Brief descriptive captions:
<<<<
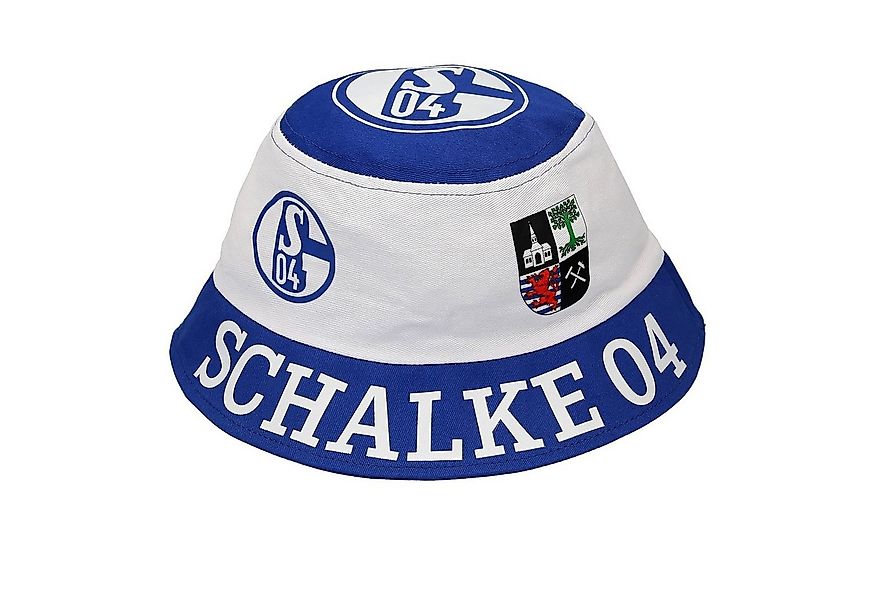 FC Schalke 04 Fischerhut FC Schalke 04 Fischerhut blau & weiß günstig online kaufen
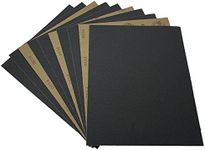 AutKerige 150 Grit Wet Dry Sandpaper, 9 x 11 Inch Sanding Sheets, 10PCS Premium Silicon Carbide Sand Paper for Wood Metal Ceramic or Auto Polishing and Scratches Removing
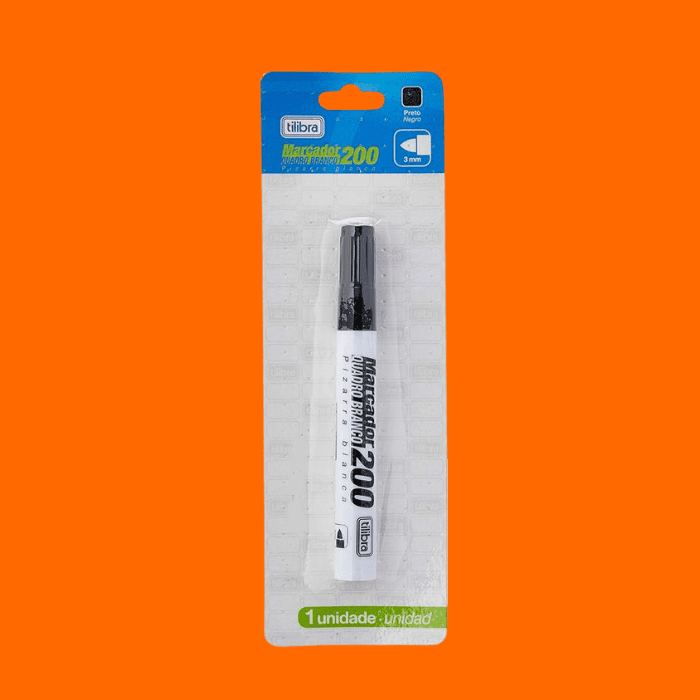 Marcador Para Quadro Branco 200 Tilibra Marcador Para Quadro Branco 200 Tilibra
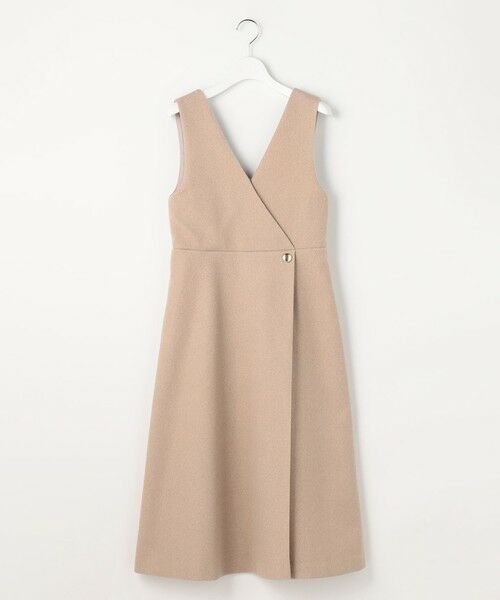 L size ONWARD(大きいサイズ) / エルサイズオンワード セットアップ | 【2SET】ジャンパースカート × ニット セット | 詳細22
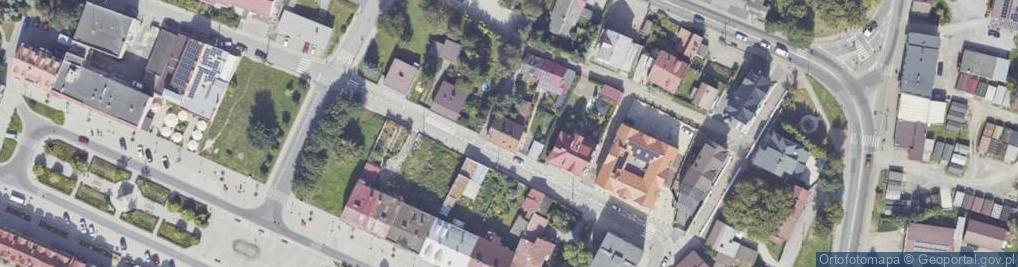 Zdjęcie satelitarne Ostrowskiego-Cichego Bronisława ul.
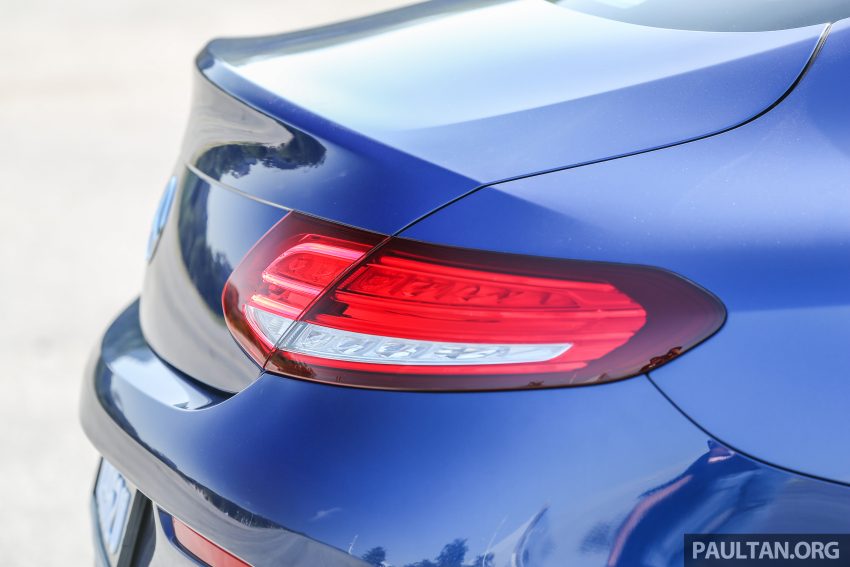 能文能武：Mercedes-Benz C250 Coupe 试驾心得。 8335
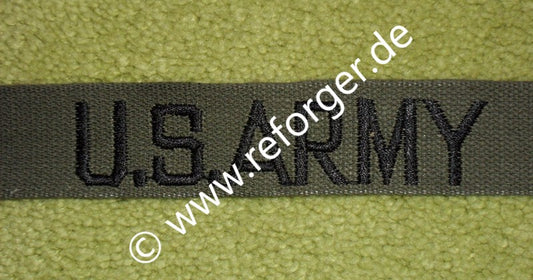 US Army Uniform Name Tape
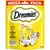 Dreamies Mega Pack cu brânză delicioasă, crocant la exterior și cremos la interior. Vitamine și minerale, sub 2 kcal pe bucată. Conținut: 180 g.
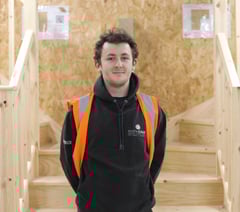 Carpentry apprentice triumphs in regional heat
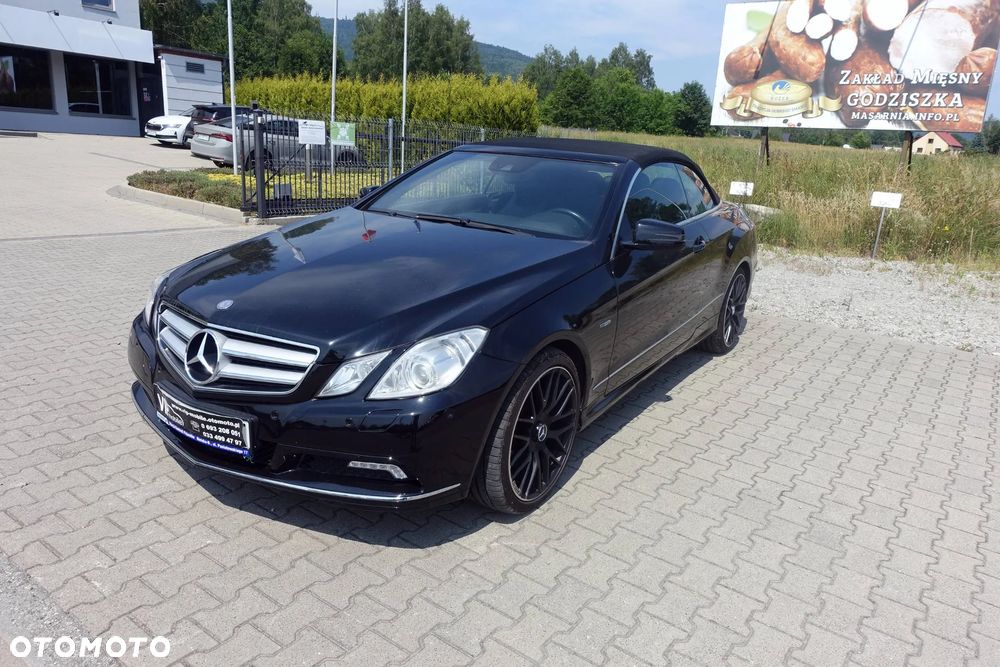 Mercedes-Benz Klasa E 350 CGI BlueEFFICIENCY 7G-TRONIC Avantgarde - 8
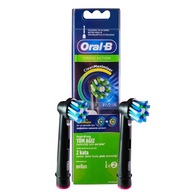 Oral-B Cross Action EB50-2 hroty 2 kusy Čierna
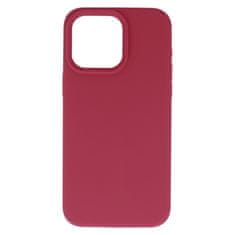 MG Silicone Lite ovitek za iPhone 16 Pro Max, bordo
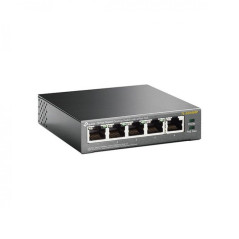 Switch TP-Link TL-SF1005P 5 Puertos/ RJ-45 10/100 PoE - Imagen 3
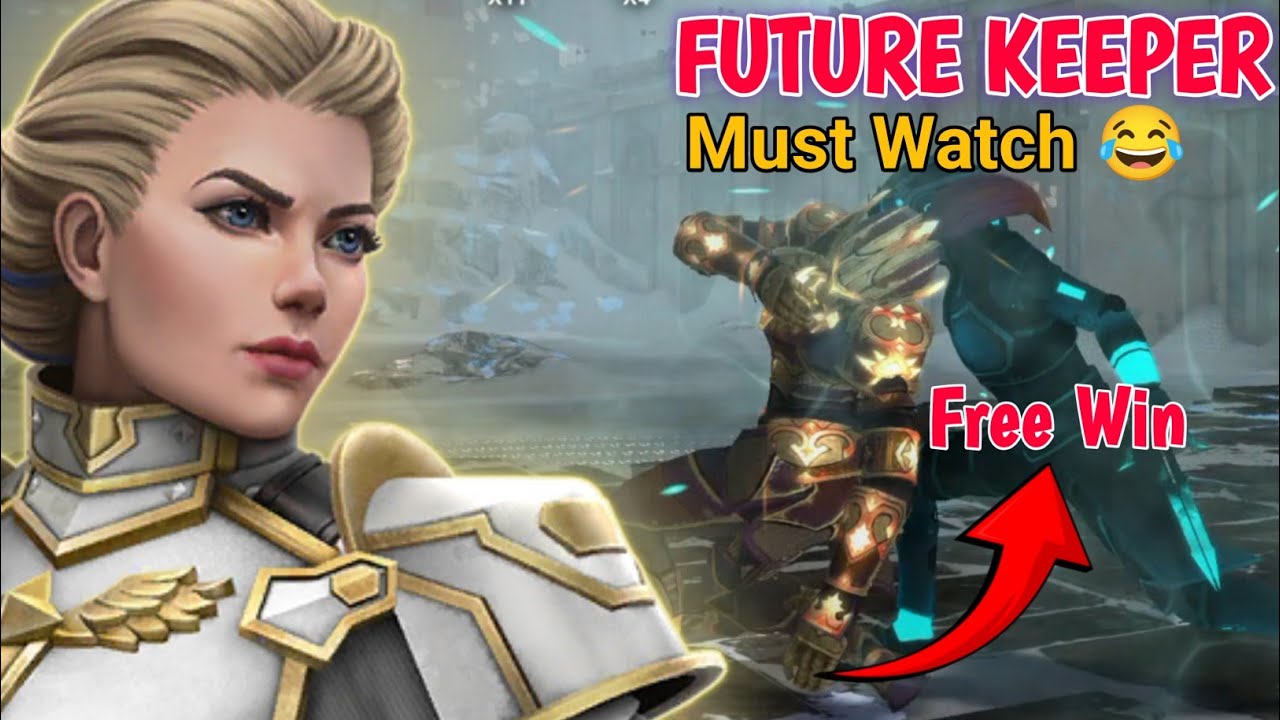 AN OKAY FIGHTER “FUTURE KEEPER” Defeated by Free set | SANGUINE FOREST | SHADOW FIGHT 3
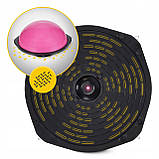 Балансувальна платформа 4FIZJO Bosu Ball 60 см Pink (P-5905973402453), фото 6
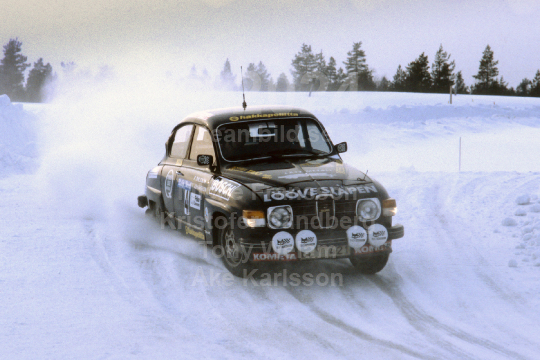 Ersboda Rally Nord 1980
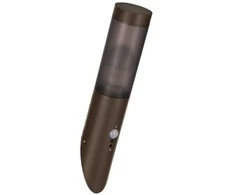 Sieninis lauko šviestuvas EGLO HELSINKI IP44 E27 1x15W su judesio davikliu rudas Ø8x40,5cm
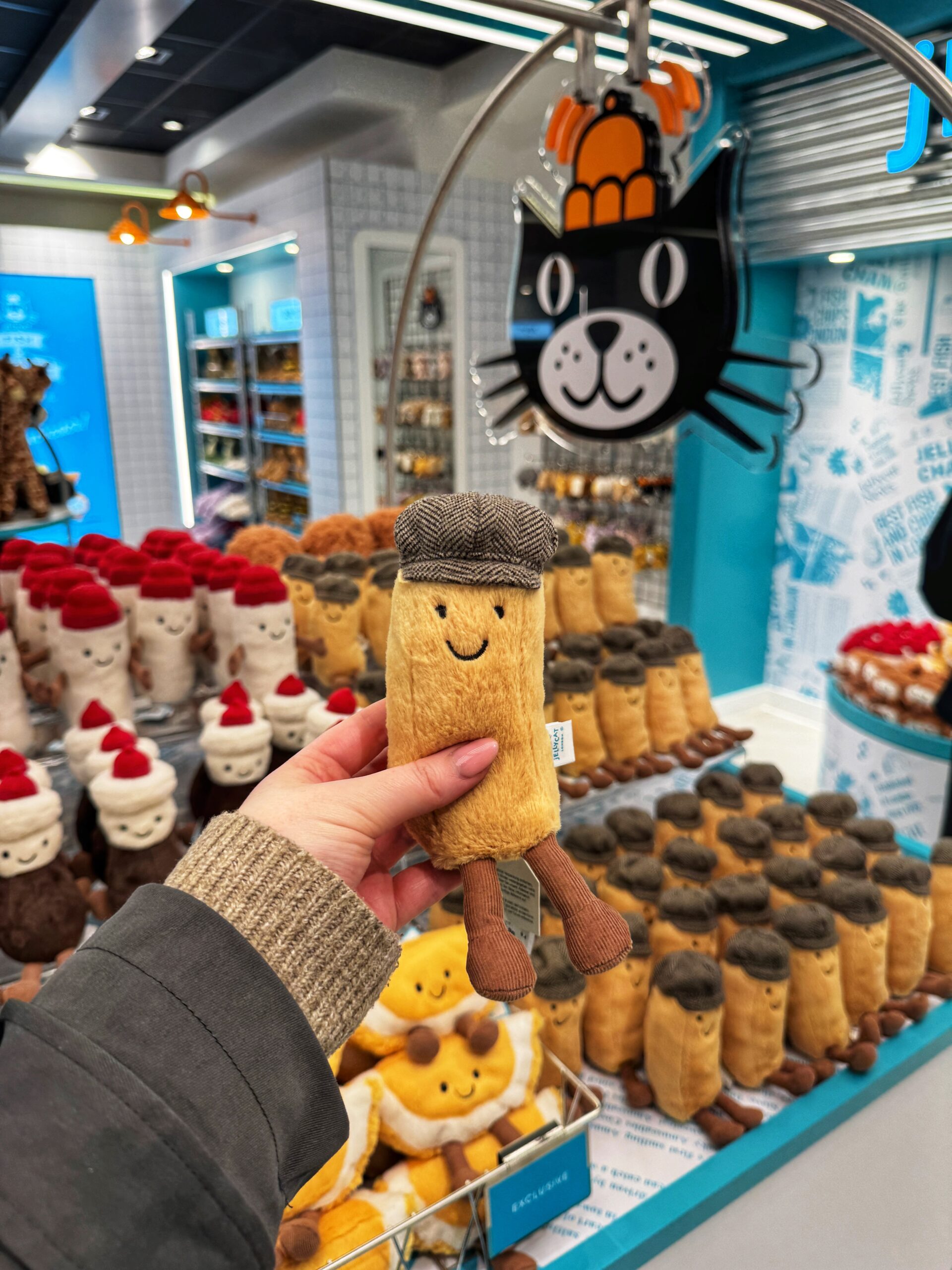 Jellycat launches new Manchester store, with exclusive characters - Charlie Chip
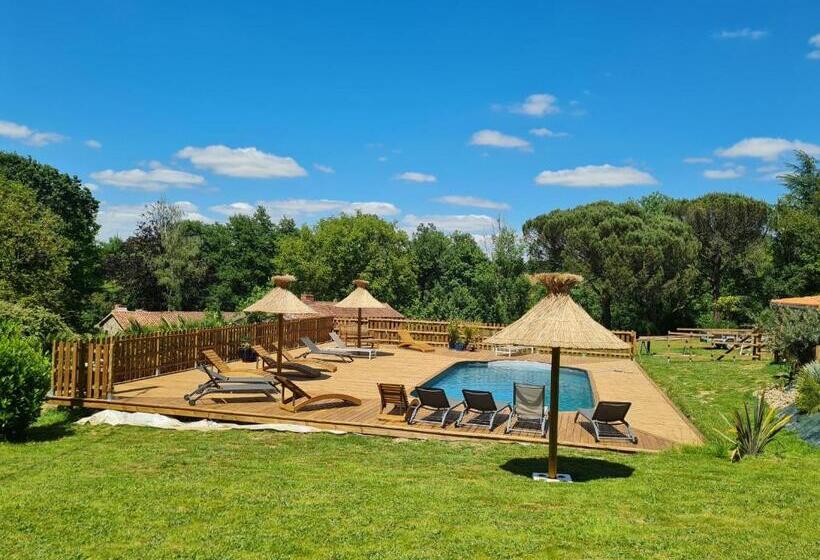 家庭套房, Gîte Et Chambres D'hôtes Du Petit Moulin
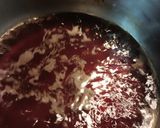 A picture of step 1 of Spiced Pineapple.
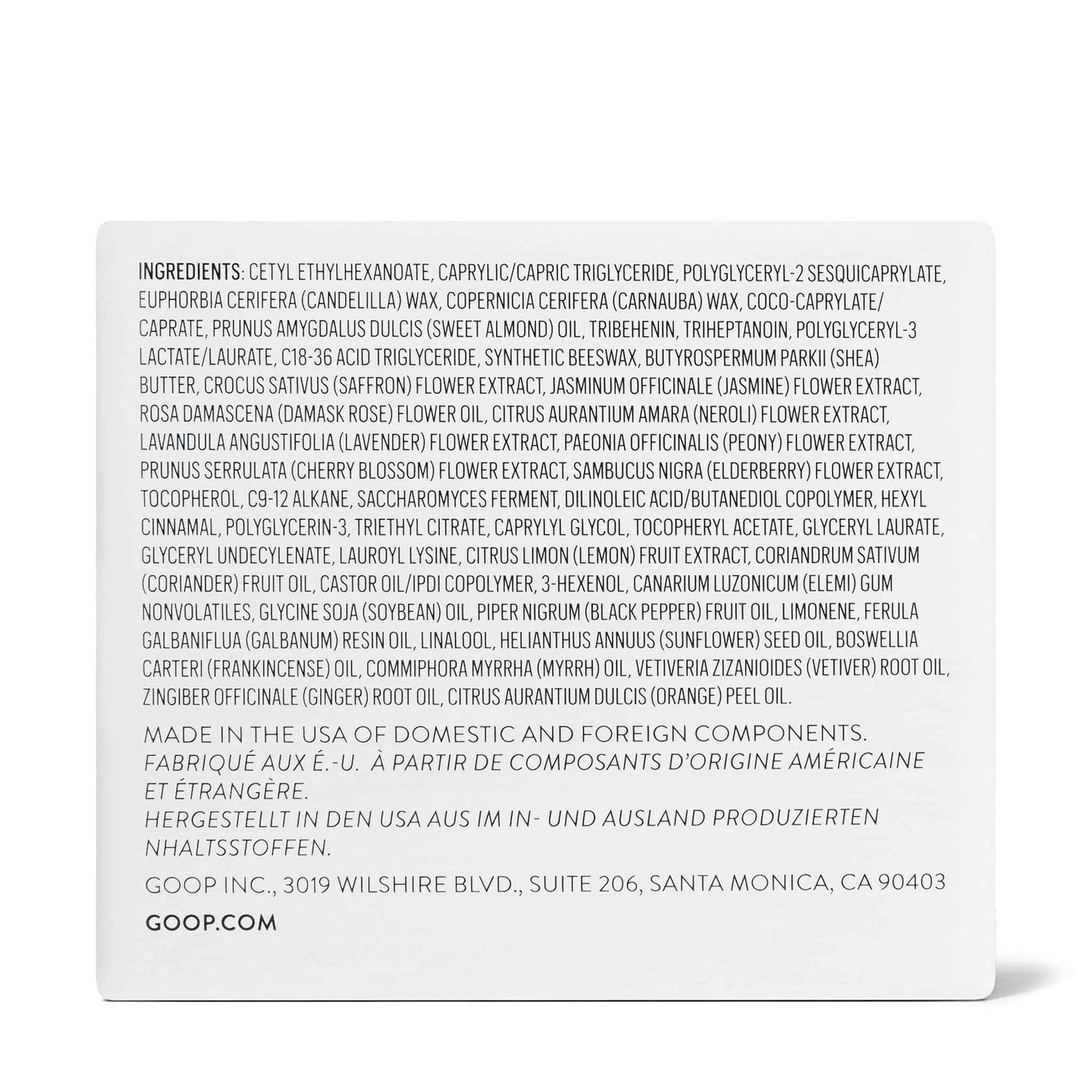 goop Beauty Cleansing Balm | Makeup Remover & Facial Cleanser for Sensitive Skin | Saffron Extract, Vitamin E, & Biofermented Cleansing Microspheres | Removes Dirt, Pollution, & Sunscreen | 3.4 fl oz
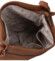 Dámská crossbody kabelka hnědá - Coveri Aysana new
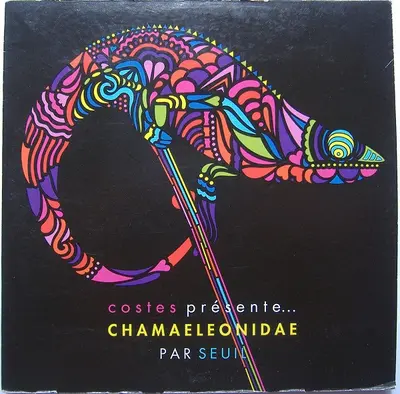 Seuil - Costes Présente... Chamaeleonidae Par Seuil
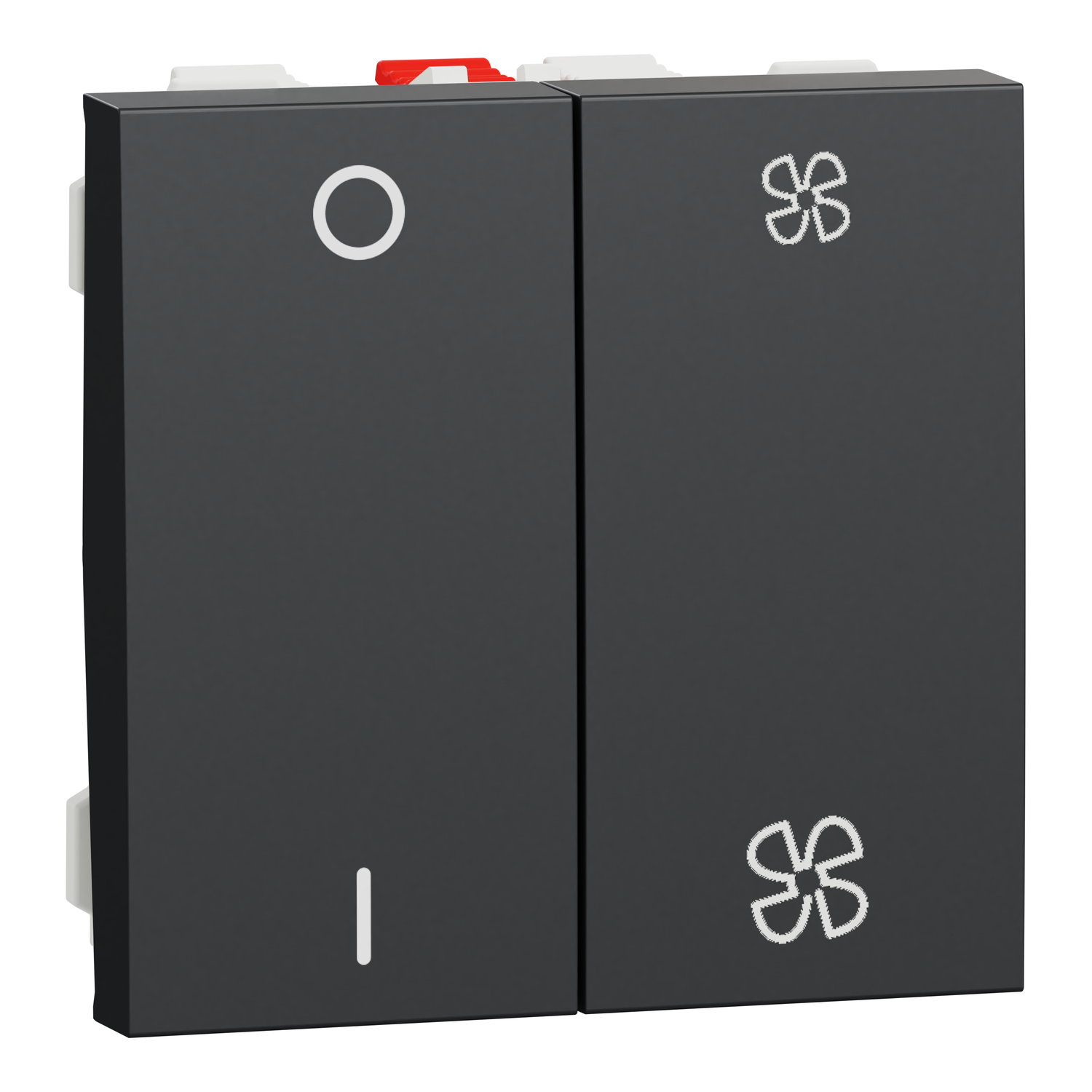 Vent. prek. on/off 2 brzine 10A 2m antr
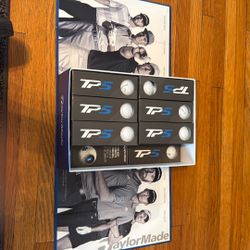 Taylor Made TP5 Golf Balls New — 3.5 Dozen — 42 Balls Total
>>>>
• **Work required**
To answer, repeat exactly the lines from the line containing "Jellycat launches new" through the last line of the data above, leaving out all pictures.

• **Finished exercise**
 Jellycat launches new Manchester store, with exclusive characters - Charlie Chip
 家庭套房, Gîte Et Chambres D'hôtes Du Petit Moulin
 A picture of step 1 of Spiced Pineapple.
 goop Beauty Cleansing Balm | Makeup Remover & Facial Cleanser for Sensitive Skin | Saffron Extract, Vitamin E, & Biofermented Cleansing Microspheres | Removes Dirt, Pollution, & Sunscreen | 3.4 fl oz
 Dámská crossbody kabelka hnědá - Coveri Aysana new
 Seuil - Costes Présente... Chamaeleonidae Par Seuil
 Vent. prek. on/off 2 brzine 10A 2m antr
 Taylor Made TP5 Golf Balls New — 3.5 Dozen — 42 Balls Total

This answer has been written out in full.